Here in volatile Nineveh Province, which borders the Kurdish region, the election could end up physically redrawing its boundaries. As the Shiite-Sunni rift that flared into sectarian war in 2006 has waned, concern by US officials is growing over Kurdish-Arab tensions, with recent flare-ups between Massoud Barzani, president of the Kurdistan Regional Government (KRG), and Mr. Maliki.

Following the Sunni Arab boycott of the 2005 vote, 31 of Nineveh's 41 seats have been held by Kurds, even though Kurds are a minority in the largely Arab province. Some Kurds on the provincial council, who will almost certainly lose their seats, made a move in December to have the elections stopped.

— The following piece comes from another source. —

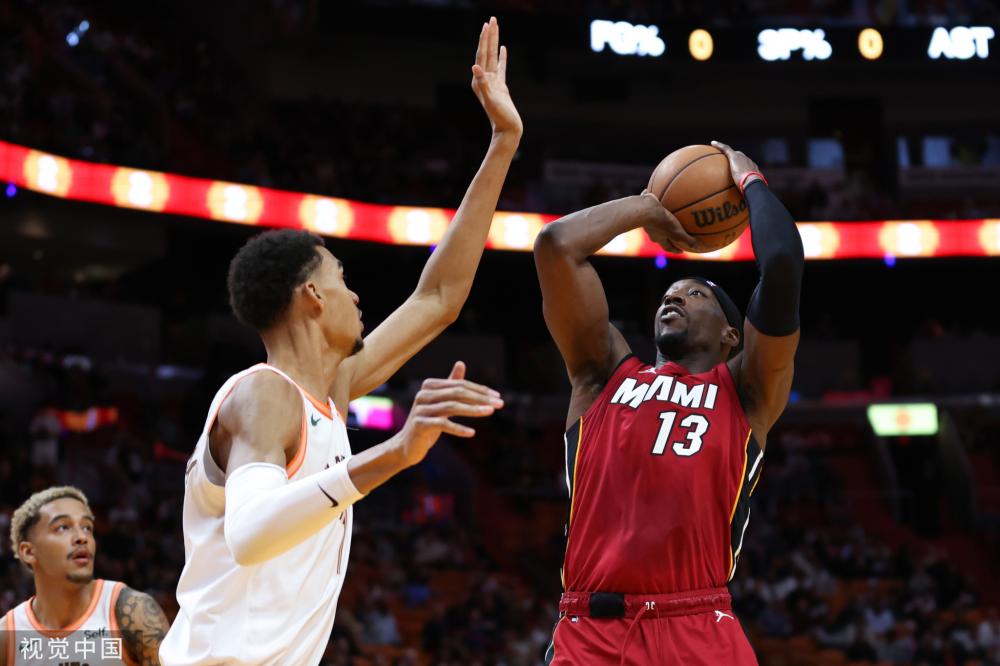 变球队门将 变球队门将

"It has really been a crisis of a lack of representative government in Nineveh," says one Western analyst here. Officials say the government has been so dysfunctional, that in a region in which unemployment is estimated at more than 50 percent, it spent only 40 percent of the budget allotted to it last year.

There are few places where campaigning has been so rife with threats and intimidation.

"We have been campaigning secretly," says Atheel Abdul Aziz al-Najaefi, head of the Sunni Arab al-Hadba group that has pledged to stop the Kurds from expanding territory by annexing cities and towns along the "green line" – the demarcation of the KRG.